Of course I know. Dolores thinks she is in love and she wants to prove her love by stalking me. She wants to show up on my doorstep with her little suitcase, and she wants to have a romance. She doesn’t understand the gap between us. She thinks she has a right to me. She thinks that I am, indeed, a vampire prince who has found her at last, his princess. She thinks that there’s actually an us.
“Well. I love you,” she says simply. As if that answered all my questions.
“Dolores –”
“I know, I know, it’s crazy, and I was even thinking that you gave me the wrong number on purpose and you haven’t been answering my emails? But then I thought you couldn’t do that, not you, I mean, we connected, no? Like, we really connected. I looked at the paper and it was clear that the one was really a seven and that I was just an idiot for misreading it. But now here I am. So I was thinking of booking the ticket –”
“No. But I’d love to have a coffee or something if you’re ever in town,” I say. Coffee. Not risky; things come up at the last minute; everyone cancels coffees all the time. It’s almost expected.
“What?”
“When you’re in town. We’ll have coffee. Right now is not the best time,” I say.
“Oh. So you really don’t want to see me?” Her voice is small. I see her eyes then, opened wide, the whites so white, the blues so blue.
“It’s not that, it’s –”
It’s exactly that. Why won’t I just say it? I won’t just say it because I am not a dick. Women love me. And because of that, sometimes, I need to lie and present myself in the best possible light, and simply telling her to fuck off is not something I can stand behind a hundred percent just yet.

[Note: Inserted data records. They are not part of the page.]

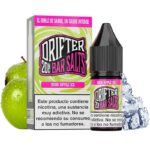 Drifter Bar Salts Sour Apple Ice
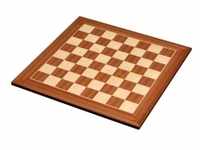 Chess - Schachbrett - London - Breite 40 cm - Feldgröße 40 mm 242039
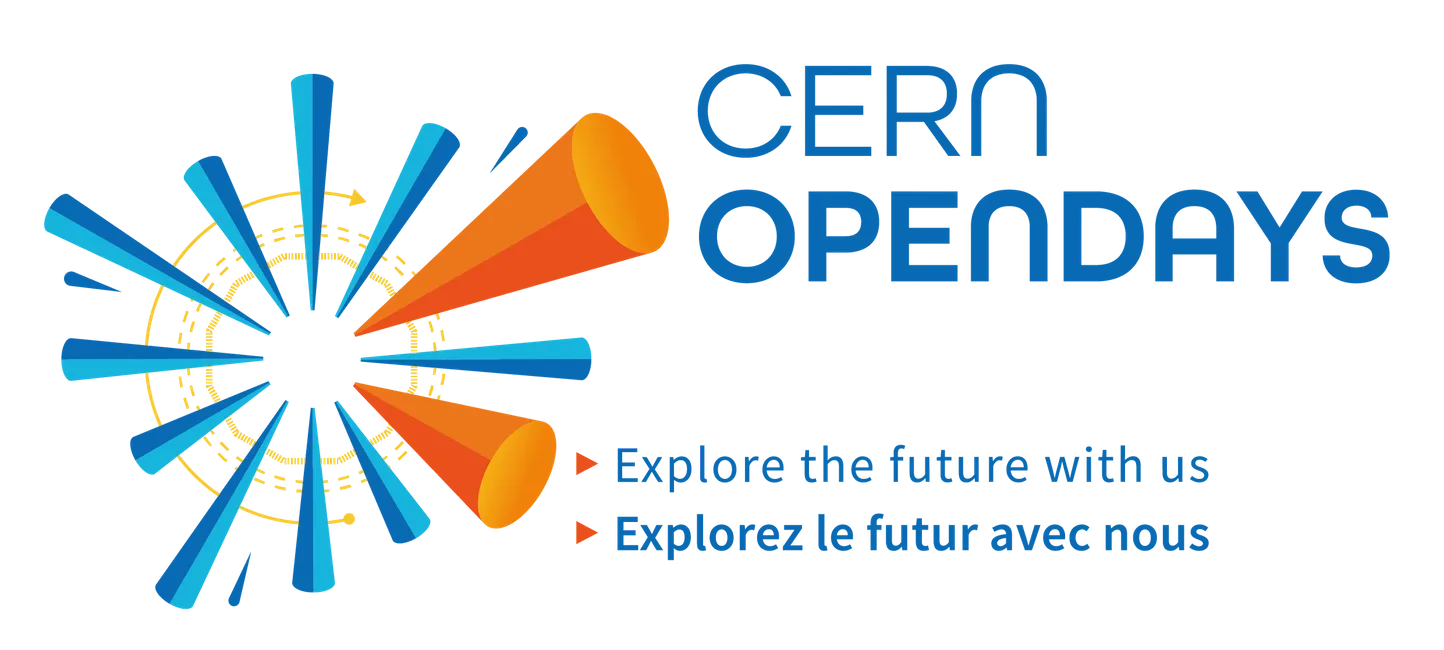 Open Days logo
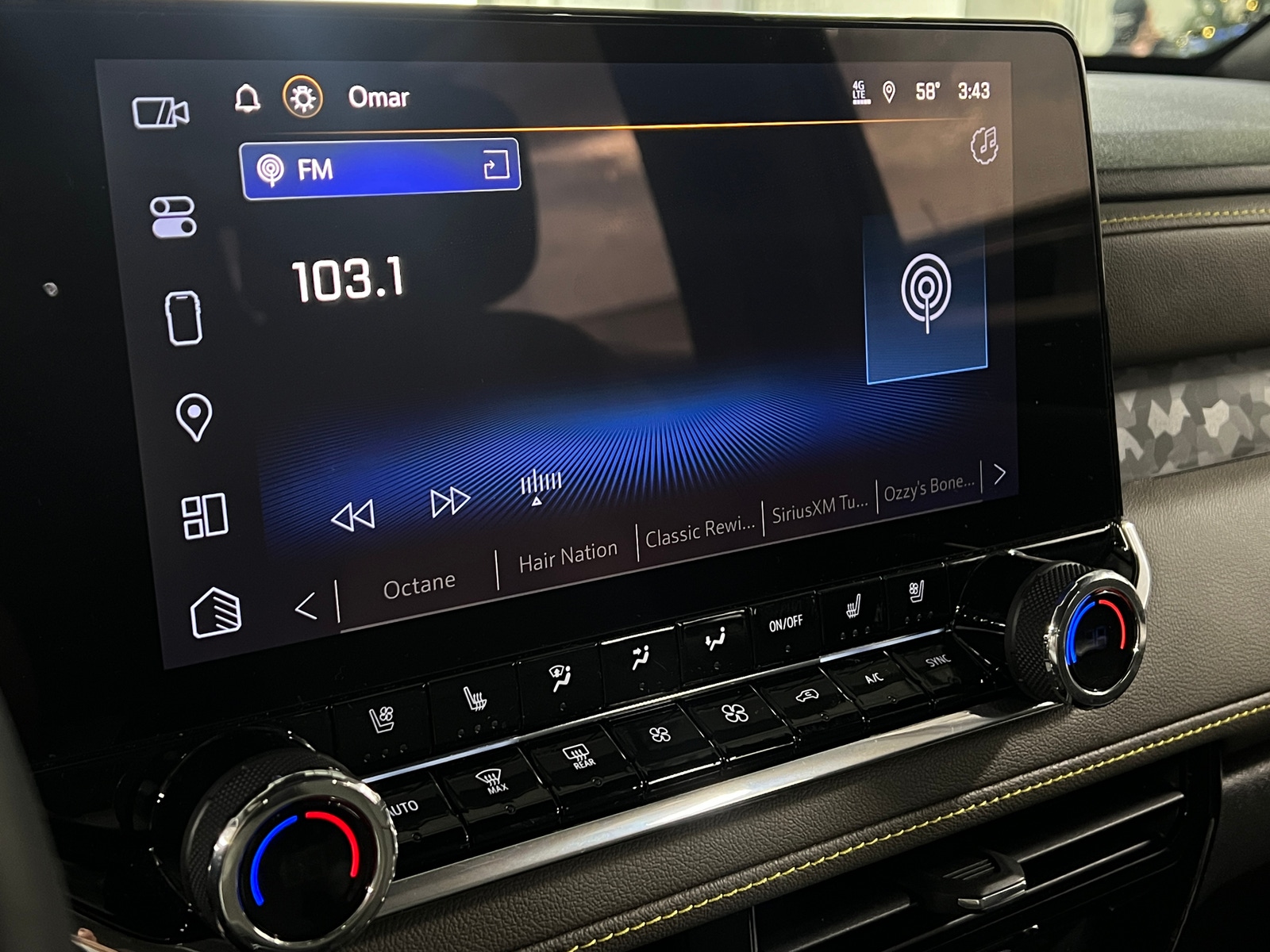 Thumbnail: 2025 Chevrolet Colorado - 3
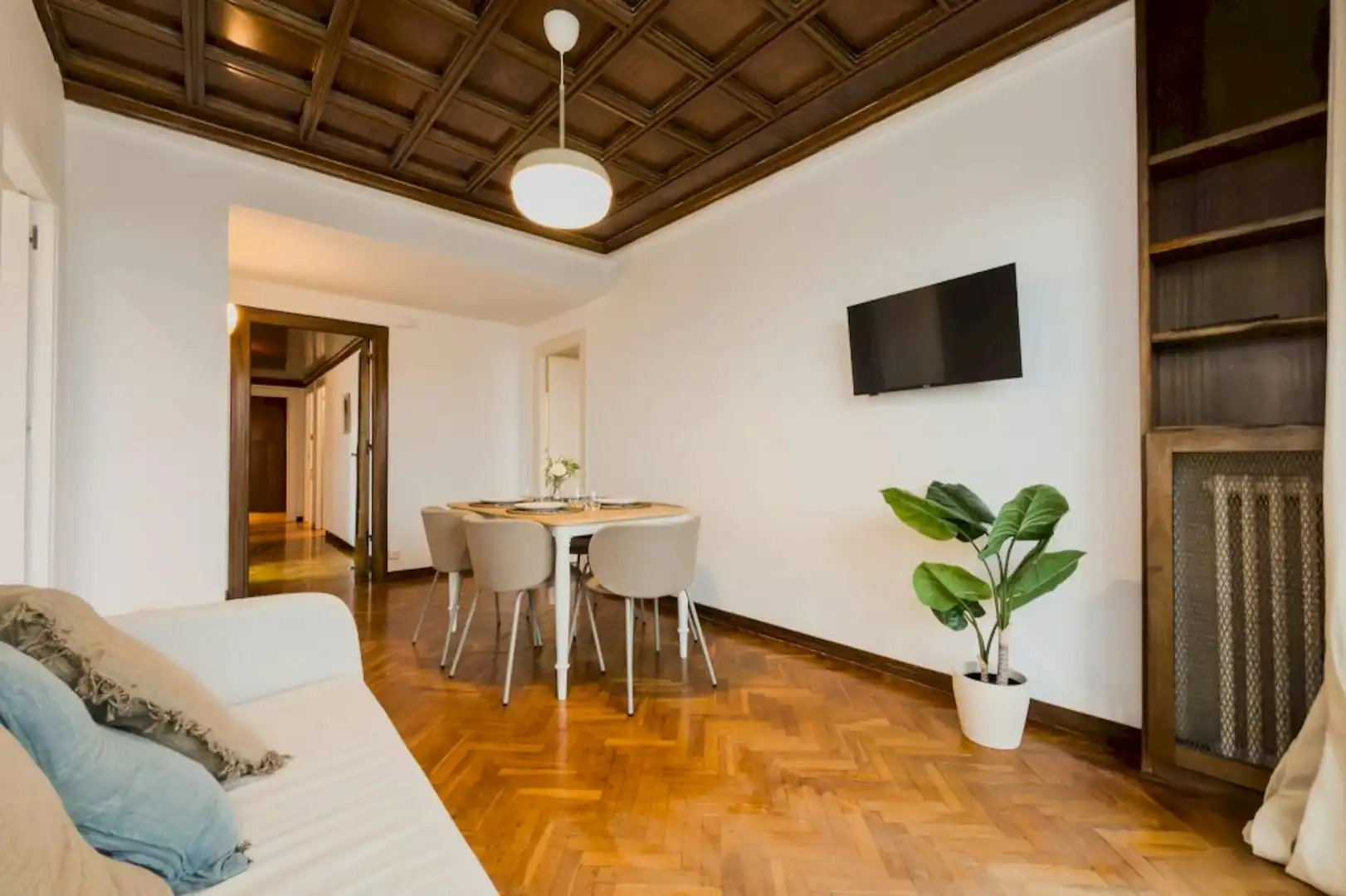 Habitación en alquiler, Barcelona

I know, I know, for all the $isi lessons, I’m still lacking the ability to make myself absolutely clear. I’m trying to quickly come up with something to end this conversation without hanging up abruptly and calling my phone provider to give me a new number.
“Oh, that’s a relief! I couldn’t come right away, so I just sent the roses to your address.”
“I moved. No roses, Dolores. They probably went to the wrong address,” I say. This is a poor strategy. Now I’m going to make her think that I’ve been sitting here, waiting for something like roses, that I feel wronged by not receiving the roses that she just said she’d been sending.
“So where do
you stay now? Different place? I’m trying to book the flight after my mid-terms and it’s around Thanksgiving so it’s, like, really expensive.”
“I’m away during Thanksgiving.”
“This is why I’m calling,” she says, as if we’ve had a bunch of conversations already, trying to make plans to meet.
“I’m away the rest of October and November, actually,” I say, and there’s finally some silence on the other end.
“I can come down sooner?”
“I –”
She says, “Friday? This Friday?”
I look out the window. I scan the building, a grid of glass. I focus on one particular apartment. A man is standing in the window, hand to his ear, shaking his head.
I shake my head, “Listen. I’m going to be honest. I don’t want you to come down. I have to go now. I have to take Dog out for a walk.”
“What do you mean?”
“That’s what I mean, Princess. I don’t want you to come down to visit me.”
“But, Guy –”
“No. I’m talking now. It’s over. We’re over. I’ve met someone else. Her name is Gloria. And I’m sorry. I’m very sorry.”
“No.”
“No?”
“No. I don’t buy it,” Dolores says.
My seduction has freed something in her, something much larger than just a glimpse of hope. Faith. A monster of faith – faith so grotesquely enlarged, so clearly and definitely in disproportion to what she realistically should believe about herself. I hang up. I’m a dick.
As soon as I hang up, I block her number.
I pace around my apartment. The dog picks up my nervous energy; he erupts and stops in half-barks as he clicks in circles around the kitchen. When I look at him, he freezes. He looks up from underneath his shy brows. “No kennel. Don’t worry.”
I almost never talk to Dog, and he looks at me even more stunned when I do. “No kennel,” I say. “What?”
Dog keeps staring, his tail slapping the floor unsurely. God, that face. I laugh as he continues staring. Laughing releases the tension that’s wound up like a coil around my throat.